[Start of section]

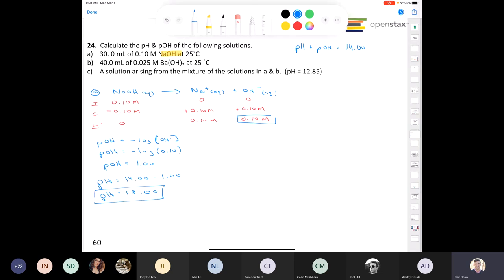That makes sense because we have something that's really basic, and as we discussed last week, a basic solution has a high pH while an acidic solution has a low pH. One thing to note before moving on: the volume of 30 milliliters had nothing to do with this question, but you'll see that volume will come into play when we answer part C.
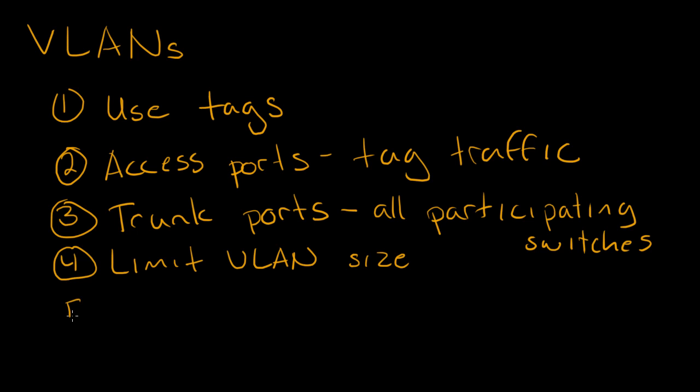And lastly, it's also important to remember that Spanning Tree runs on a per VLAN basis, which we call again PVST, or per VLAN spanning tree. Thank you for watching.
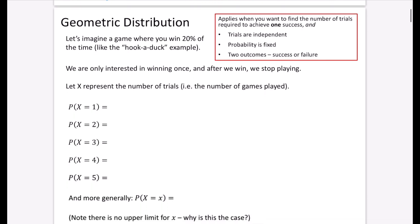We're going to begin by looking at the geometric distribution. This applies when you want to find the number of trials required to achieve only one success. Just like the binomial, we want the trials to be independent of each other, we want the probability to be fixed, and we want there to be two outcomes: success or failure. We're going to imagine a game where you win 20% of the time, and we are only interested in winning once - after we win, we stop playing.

[End of section]
[Start of section]

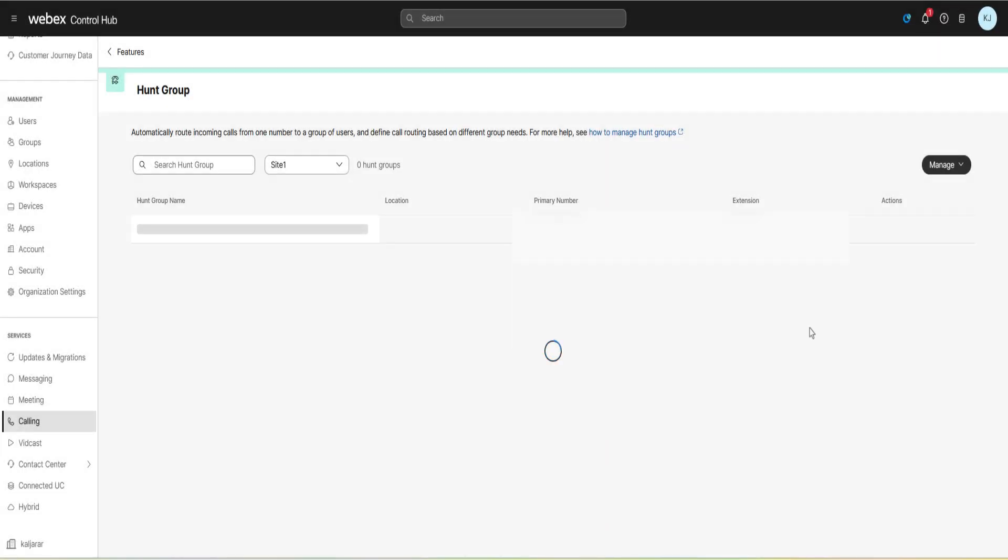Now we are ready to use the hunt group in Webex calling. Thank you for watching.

[End of section]

_Problem_:
Give the lines above again exactly, from the one containing "That makes sense" to the one containing "And lastly, it's", both included, but leave out the pictures.

_Written solution_:
That makes sense because we have something that's really basic, and as we discussed last week, a basic solution has a high pH while an acidic solution has a low pH. One thing to note before moving on: the volume of 30 milliliters had nothing to do with this question, but you'll see that volume will come into play when we answer part C.
And lastly, it's also important to remember that Spanning Tree runs on a per VLAN basis, which we call again PVST, or per VLAN spanning tree. Thank you for watching.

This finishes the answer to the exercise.